It was me.
I was that little jerk that pounded on your door as the moon shone white with my young group of marauding miscreant cohorts. Those stifled giggles weren’t coming from your fence or a feverishly sentient raccoon that patrolled your front yard.
No, that was just us laughing at you. Because we were bored and had nothing better to do with our time than waste yours and steal precious hours of sleep that you desperately needed.
I do recall having to branch out to other areas, or make new friends so we didn’t have to keep doorbell ditching the same handful of people who actually got up and answered the door. That would mean my parents could have found out, which would put me on lockdown for a couple of weeks.
At some point we’d get caught and have to apologize, which was worse than running in scattered directions when the old guy threatened to shoot us with rock salt. I don’t know if that’s even possible but to this day I fear the lawns of white haired men in flannel.
Playing hide and seek was another way for us to run around the neighborhood unsupervised, albeit with less chance of getting beaten or having vicious canines sicced on us.
There was always something oddly exhilarating about playing a block-wide game of hide and seek with thirty five kids, doing your best to climb under cars, in trees, or stay stationary just long enough to find that perfect hiding spot...only to have it spoiled by having to pee as soon as your in it.
I had the hide and seek bladder of a small infant. I would keep moving from spot to spot because I left whiz tracks wherever I went.
Then there was the curious schoolyard game of Butts Up. A group of kids throwing a ball against the wall in hopes of one of them muffing it. Then, someone within the group pounces on it and rushes to chuck the tennis ball against the wall before the muff-ee touches said wall.
If that person drops the balls three times, then he or she is forced to face the wall and take a firing squad of one throw per Butt’s Up participant. There’s something to be said for simplicity.

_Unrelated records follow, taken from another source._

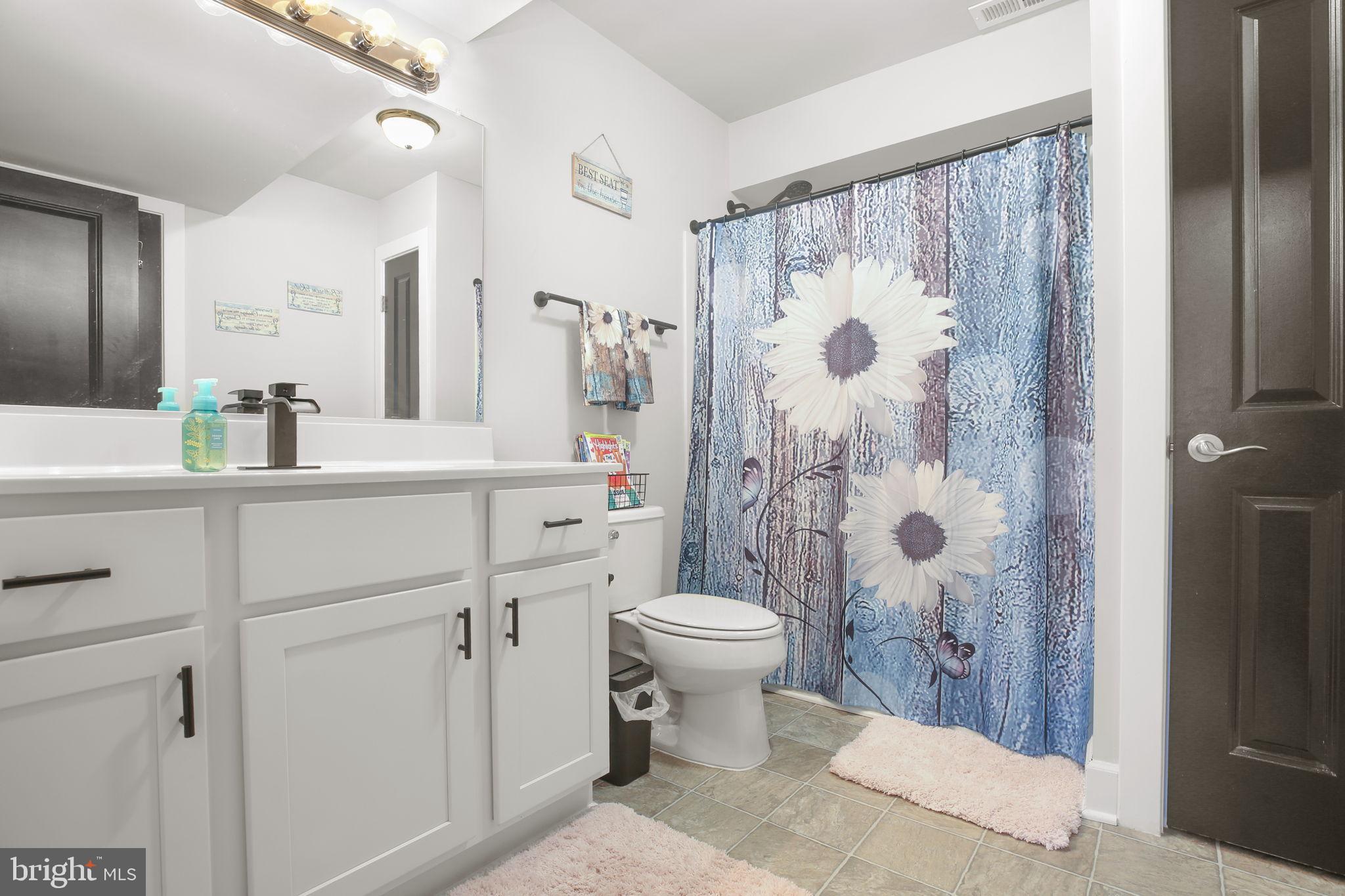 RUBY GLEN - Residential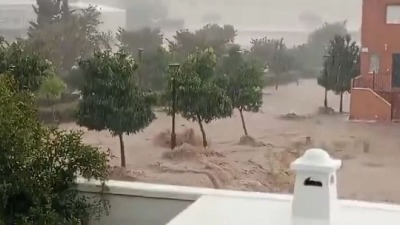Katastrofalne poplave u Španiji: Grad pod vodom, vanredno stanje u više regija (VIDEO)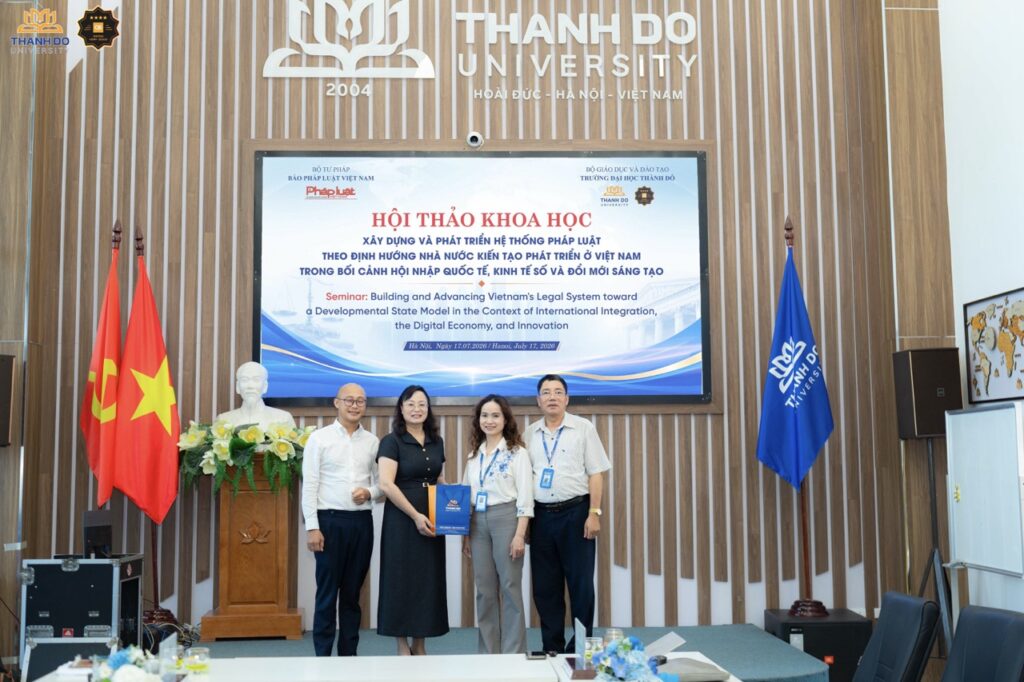 Lãnh đạo trường Đại học Thành Đô gửi lời cảm ơn tới Báo Pháp luật Việt Nam trong quá trình phối hợp thực hiện Hội thảo.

Another simple game concocted by seemingly homophobic children is the ever popular, and always schoolyard banned, Smear the Queer. Poetic, no?
Anyway, this one revolved less on rules, and more on brutality to maintain it’s dominance throughout the decades. One person has a ball. Everyone else does their best to smear his or her face into the ground until everyone is roughed up to the point of bloodied submission.
Oh, how the games we play in our youth rarely translate to adult life. Or do they? You screw up, your Butt’s on the line. When you’re on the ball, everyone wants to Smear you into the dirt. Hiding from the masses is usually good for the soul on occasion.
And doorbell ditching? Well, okay, not all games translate. But you have to admit, you still want to. But not at my house.
I have rock salt...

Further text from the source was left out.